Náměstí I. P. Pavlova was built in 1897; nowadays, it’s home to Prague’s busiest metro station.


Until 1925, this was Komenského náměstí, and was presumably changed because there already was one in Žižkov: https://whatsinapraguestreetname.com/2022/11/26/prague-3-day-82-komenskeho-namesti/
It then became náměstí Petra Osvoboditele. Petr Osvoboditel is King Peter the Liberator, Petar I Karađorđević, or Peter I of Serbia, first King of Yugoslavia from 1918 until his death in 1921.

In 1942, the Nazis, who had invaded Yugoslavia a year previously, renamed the square U Slepé brány / Am Blindentor, after a building that, until 1875, stood where Ipak is now.
After a brief trip back to being named after old Pete (1945-48), it then became náměstí Říjnové revoluce (October Revolution Square) until 1952.
Ivan Petrovich Pavlov, meanwhile, was born in Ryazan in 1849. He studied in a theological seminary, but then quit to devote himself to science.
He started studying physiology in St Petersburg in 1870, and received his medical degree nine years later.

In 1891, he was given permission to set up a physiological department at the city’s Military Medical Academy.
Here, he would investigate the gastric function of dogs by analysing their saliva, noting that dogs would often salivate before they started eating their food.
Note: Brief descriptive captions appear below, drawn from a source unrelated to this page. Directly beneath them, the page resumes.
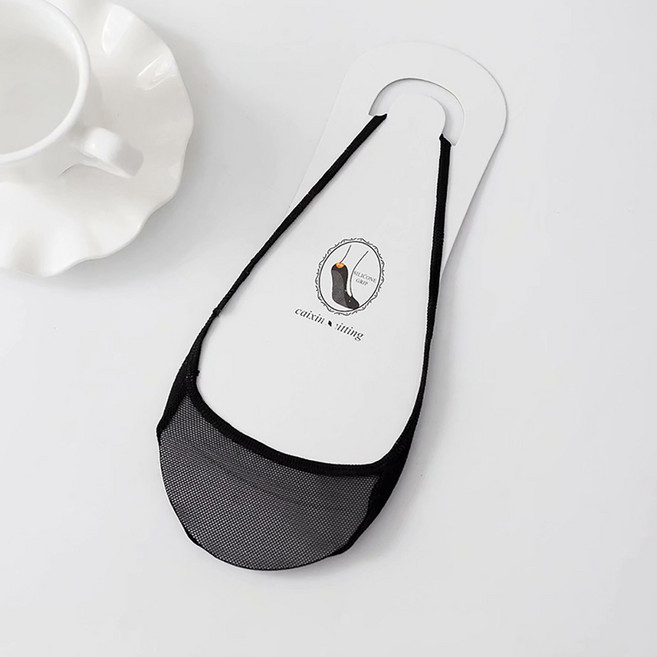 닷이프 여름 얇은 끈 망사 양말 4켤레 D264-0225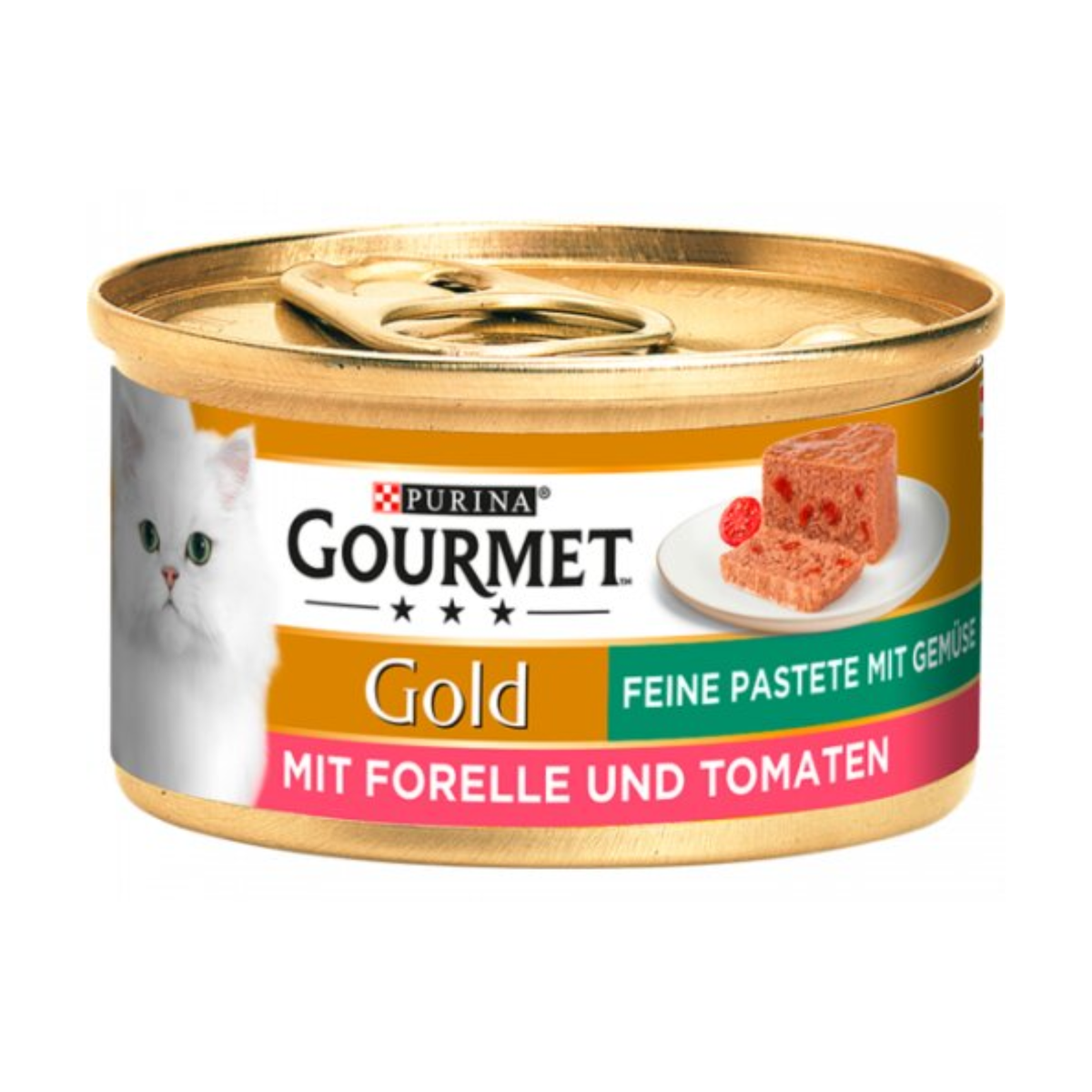Gourmet Gold Forelle Katzennassnahrung 85g
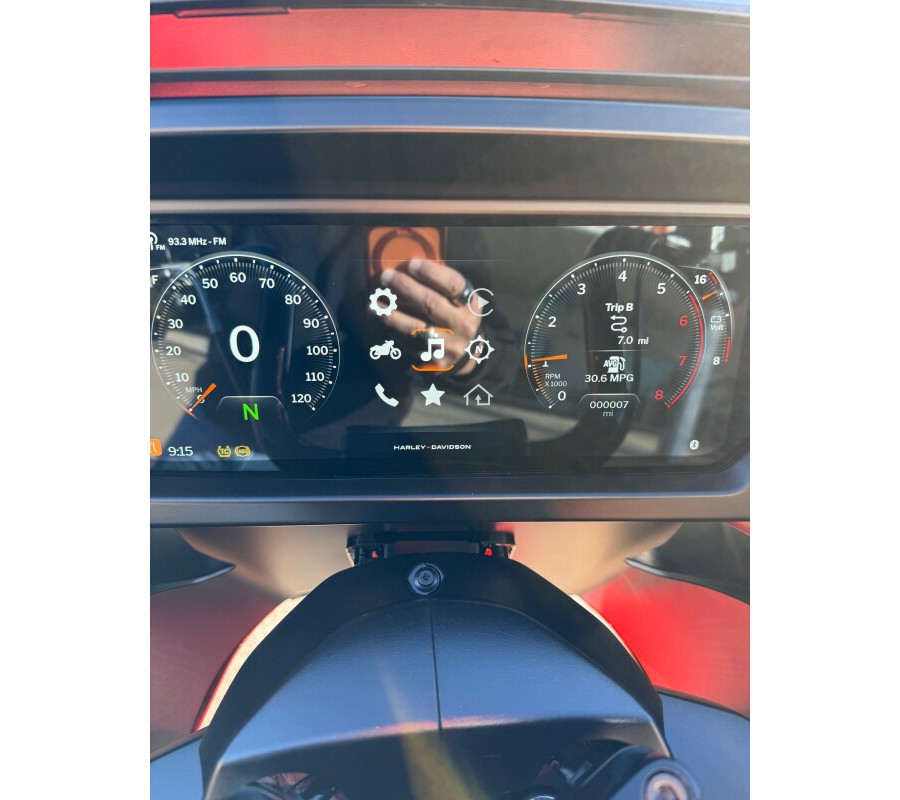 2026 Harley-Davidson® Road Glide® Blood Orange - Black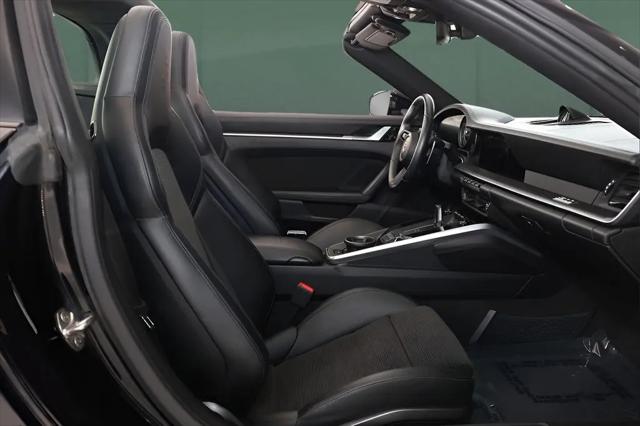 2021 Porsche 911 Targa 4S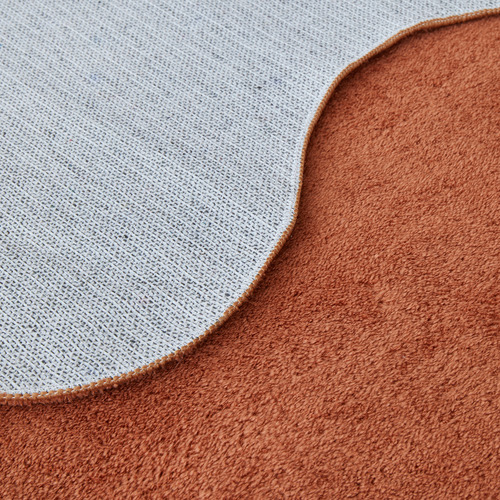 Terracotta Elsie Wavy Rug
This led him to distinguish between two types of reflexes – as well as innate reflexes, there are conditioned reflexes, which are caused indirectly by certain combinations of stimuli.
He also proved that the digestive process is, in part, regulated by the nervous system.
For his work, he was awarded the Nobel Prize in Physiology or Medicine in 1904.
After the October Revolution, Pavlov refused to hide his disdain for the Bolshevik regime, and even asked to move to Sweden.
The request was not granted; instead, the regime entrusted him with management of the Physiological Institute of the Academy of Sciences of the USSR.
Pavlov died of bronchopneumonia in Leningrad in 1936; in shocking ‘people in the Kremlin being full of sh*t’ news, the powers-that-be lauded him as a model of Soviet science.

You will probably know that the square is popularly referred to as Ípak or Pavlák.
However, other nicknames for it include Slinták, Slinťák or Slintáč – and slintat is to slobber, dribble or drool. Which makes sense (and is incredble).
This has suddenly reminded me of the day in 2009 when I decided to take a picture of every single metro station in Prague. Which, looking back, was the sort of obsessive nerdiness that has led to this entire series.